| HN Mirror

Parsing HTML content won't get you the full benefit an inference engine would. An inference engine could easily learn that 90% of your users getting to your landing page are going to login & end up on their home screen so it would push the static resources for the home screen too. Similarly, it might know that it already pushed those resources previously in the session & only push the new static resources that are unique to you once you login (saving the round-trip of the client nacking the resource). Doing it via stateless HTML parsing is never going to work because you have no idea of the state of the session. That doesn't mean there's not a place for a mixture of approaches (& yes you could teach the HTML parsing about historical pushes but then you get back to the concern you raised about storing that data somewhere).

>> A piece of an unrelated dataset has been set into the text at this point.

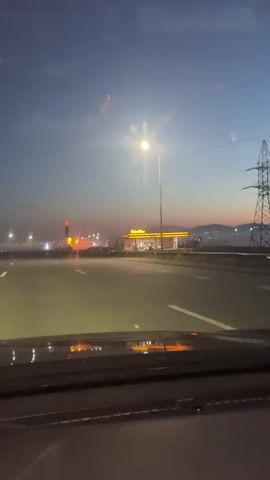 This media file captures a view from inside a vehicle driving on a highway at dusk. The sky is a gradient of deep blue, transitioning to lighter shades of blue and hints of pink and orange near the horizon, suggesting the sun has recently set or is about to rise. A bright streetlamp illuminates the road ahead. In the distance, a gas station with a yellow canopy and illuminated signs stands out. The gas station appears to be modern and well-lit, with a few vehicles visible. The overall scene is serene, with a sense of transition, possibly a journey or a late arrival. The headlights of the car are on, casting a glow on the road. The dashboard of the car is partially visible in the foreground. The weather appears clear, with no significant precipitation. The overall mood is one of quiet travel as nightfall approaches.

The HTML parsing approach is probably great from a 80% of the benefit for 20% of the effort on small-scale websites (i.e. majority). A super accurate inference engine might use deep learning to train what to serve on a very personalized level if you have a lot of users & the CPU/latency trade-off makes sense for your business model (i.e. more accuracy for a larger slice of your population). A less accurate one might just collect statistics in a DB & make cheap less accurate guesses from that (or use more "classic ML" like Bayes) if you have a medium amount of users or the CPU usage makes more sense and you're OK with the maintenance burden of a DB. It's a sliding scale IMO of tradeoffs with different approaches making sense depending on your priorities.